Collected data entries:

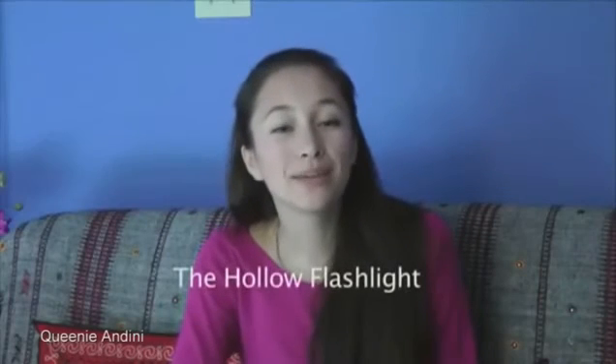Hi, my name's Anne and I'm 15 years old. I live in Victoria, BC, Canada and today I'll be talking about my hollow flashlight.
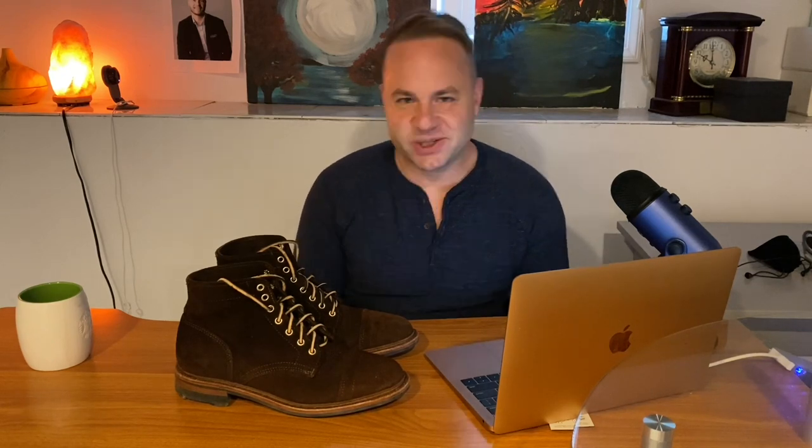Anyways guys, I hope I did these boots justice. I will be talking about these a lot more in the future. I just kind of wanted to get my initial thoughts out, since I've had these for a couple of months now and wanted to share my initial observations. I'll be doing an update review as time goes on. Thanks a lot for watching. I hope you all learned something. I am on Instagram — you can follow me there. My username is aerosurferlv. I will see you all in my next video.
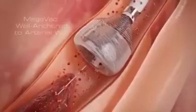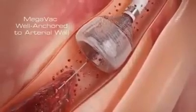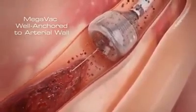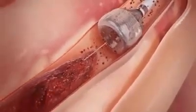The outward expansion of the Megavac anchors and centers the device, and can be used as an anchor for other devices in crossing tight lesions or tortuous vessels.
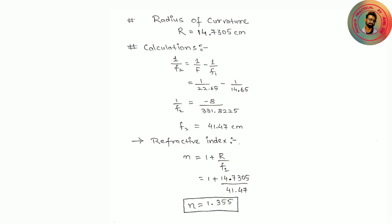Now we do the calculation. First, find the radius of curvature — I have already uploaded a video on the spherometer for this; the link is in the description. The radius of curvature R equals 14.7305 cm. For the calculation we use the formula: 1/F2 = 1/F − 1/F1. After putting in the values, F2 equals 41.47 cm (neglecting the negative sign). For the refractive index we use the formula n = 1 + R/F2, giving refractive index n equal to 1.355.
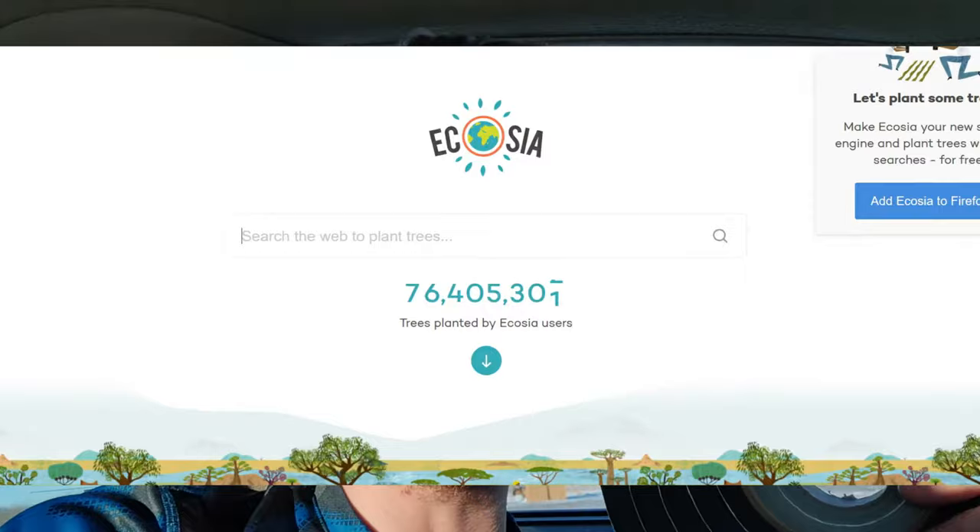What you're going to need is this window sealant and it's only three to four dollars at Walmart, or you can go to Home Depot or any of those department stores that carry this window sealant. Just give it a Google and you will find it, or you can use Ecosia if you're trying to plant a tree.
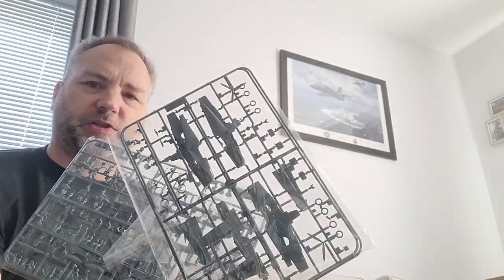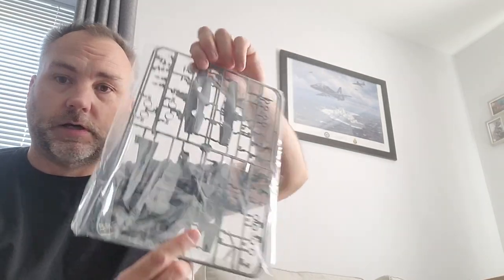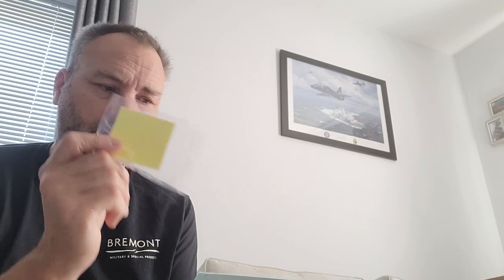Opening the box you're greeted with double-bagged sprues. Here are the clear parts. I'd imagine the common sprues are identical between the two kits, while the variant-specific sprues have the differences between the dash-two and dash-four — not least the rounded wheel wells versus the squared-off wheel wells. You also get double-sided coloured photo-etch, plus brass parts, which I really like. Well done Eduard. And canopy masks — for the outside only, I'm assuming.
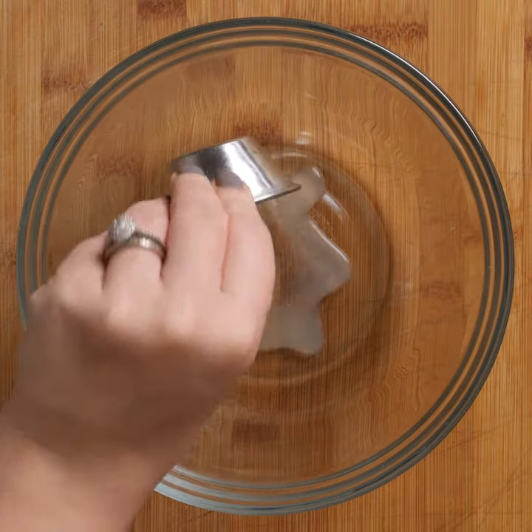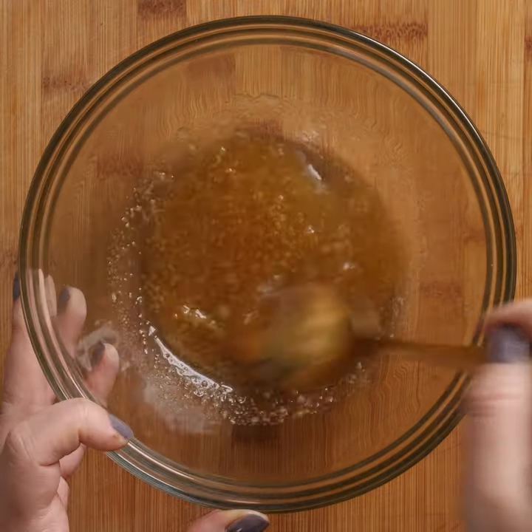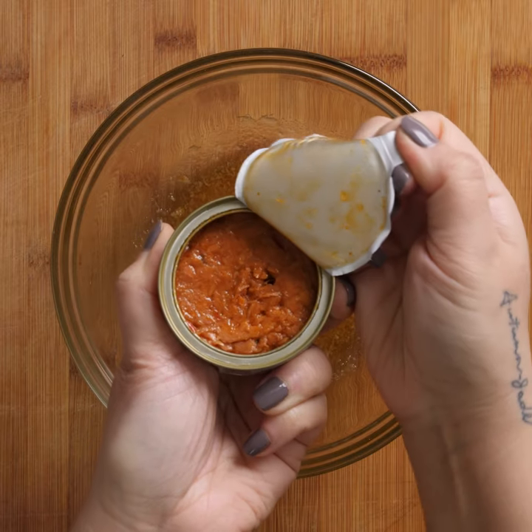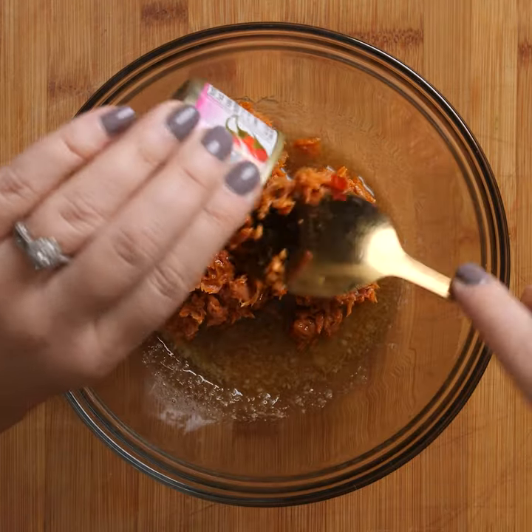Let's make 10-minute spicy Thai chili tuna larb lettuce wraps. Add your vinaigrette ingredients to the bowl and combine. Next, grab your Cloverleaf spicy Thai chili tuna, made with real high-quality wild-caught fish, which is also great on its own as a snack.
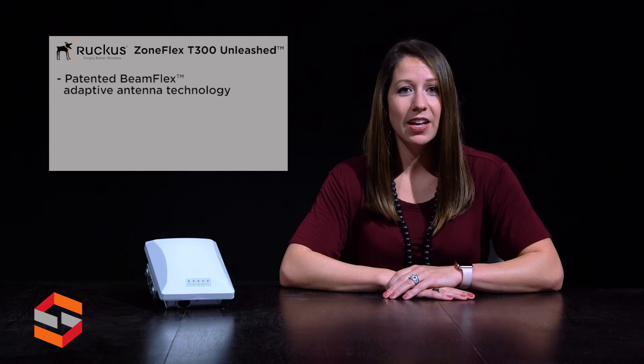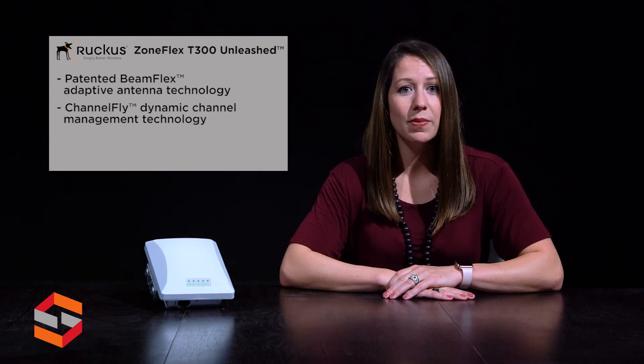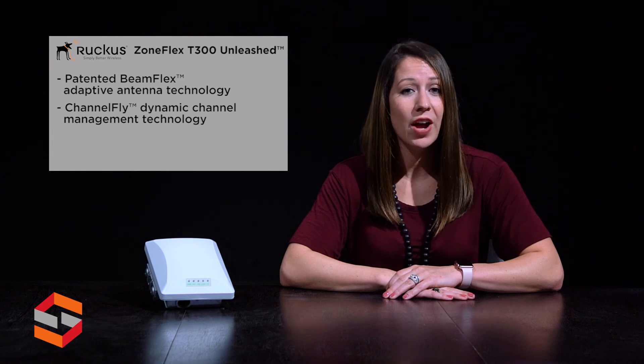Features and benefits of the ZoneFlex T300 Unleashed include patented BeamFlex adaptive antenna technology to improve connection reliability and increase wireless LAN capacity compared to APs without it. ChannelFly dynamic channel management technology improves wireless performance by dynamically switching a client to a better channel when the one it's using starts to degrade.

What is being asked: Word for word, repeat the lines above from the one with "Now we do the" through the one with "What you're going", and nothing beyond them. Omit the pictures.

Reply to the task:
Now we do the calculation. First, find the radius of curvature — I have already uploaded a video on the spherometer for this; the link is in the description. The radius of curvature R equals 14.7305 cm. For the calculation we use the formula: 1/F2 = 1/F − 1/F1. After putting in the values, F2 equals 41.47 cm (neglecting the negative sign). For the refractive index we use the formula n = 1 + R/F2, giving refractive index n equal to 1.355.
What you're going to need is this window sealant and it's only three to four dollars at Walmart, or you can go to Home Depot or any of those department stores that carry this window sealant. Just give it a Google and you will find it, or you can use Ecosia if you're trying to plant a tree.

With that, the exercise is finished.